Exercise instructions
Write out the whole listing below exactly, skipping each picture.

Provided data
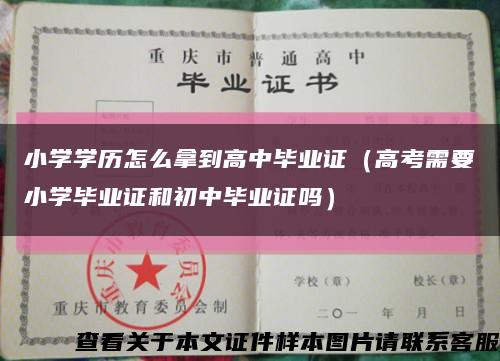 小学学历怎么拿到高中毕业证（高考需要小学毕业证和初中毕业证吗）缩略图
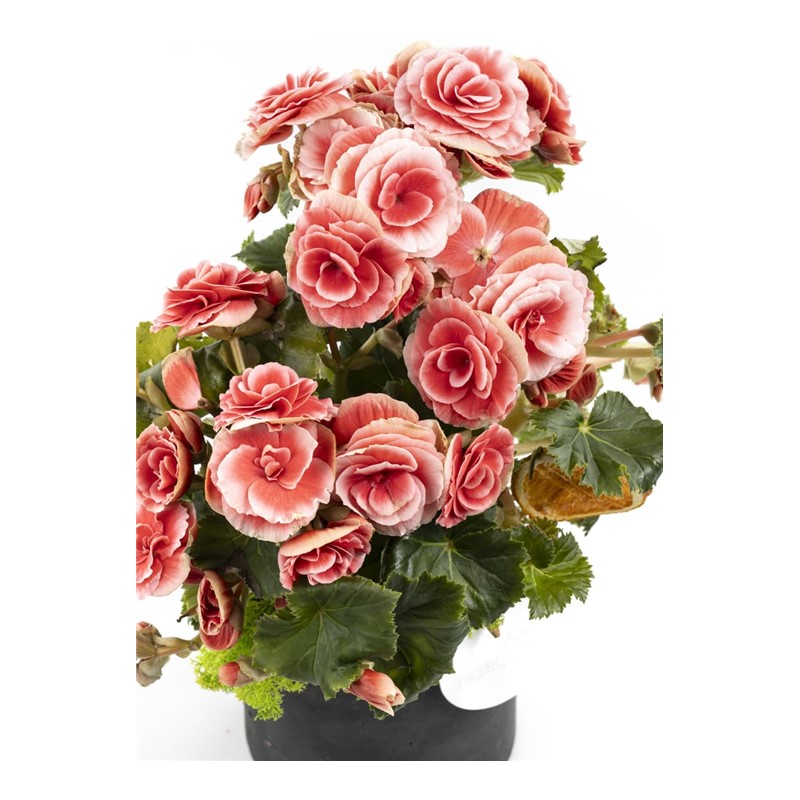 Candy Begonia
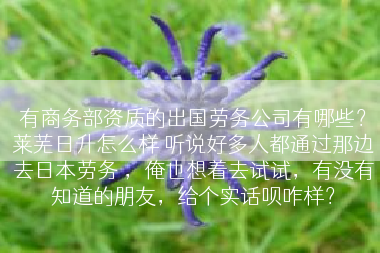 有商务部资质的出国劳务公司有哪些？莱芜日升怎么样 听说好多人都通过那边去日本劳务 ，俺也想着去试试，有没有知道的朋友，给个实话呗咋样？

Exercise result
 小学学历怎么拿到高中毕业证（高考需要小学毕业证和初中毕业证吗）缩略图
 Candy Begonia
 有商务部资质的出国劳务公司有哪些？莱芜日升怎么样 听说好多人都通过那边去日本劳务 ，俺也想着去试试，有没有知道的朋友，给个实话呗咋样？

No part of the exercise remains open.